Hermitage Staff Honour One Of Their Own

Staff at The Hermitage and Alpine Guides will share a minute’s silence on 29 December to remember the 100th anniversary of the death of George Napier, the first recorded person to die in Aoraki Mount Cook National Park.

Mr Napier, employed by The Hermitage to assist the mountain guides, died under mysterious circumstances and his body was never recovered.

Last seen by the guided party he had taken to Ball Hut, George was to return to The Hermitage with the horses which were needed the next day by another group. However, somewhere between Ball Hut and the hotel he disappeared.

The horses were discovered outside the boundary fence with their harnesses still intact but George was nowhere to be found.

An extensive search turned up an old hat on a shingle spit in the Hooker River.
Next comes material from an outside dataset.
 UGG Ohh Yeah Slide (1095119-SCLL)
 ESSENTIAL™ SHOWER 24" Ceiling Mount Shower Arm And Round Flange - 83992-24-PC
The hat may have belonged to George so it was assumed that he lost his footing whilst crossing the river and drowned.

The account of his death is officially on record at the Aoraki Mount Cook Department of Conservation Centre but is also referred to in local station owner Gilbert Seymour's* father's diary.

The entry, dated 30 December 1907, reads “…Heard word today of one of guides at The Hermitage being drowned in crossing the Hooker river'.

*Gilbert and Marion Seymour live on "Ferintosh" Station.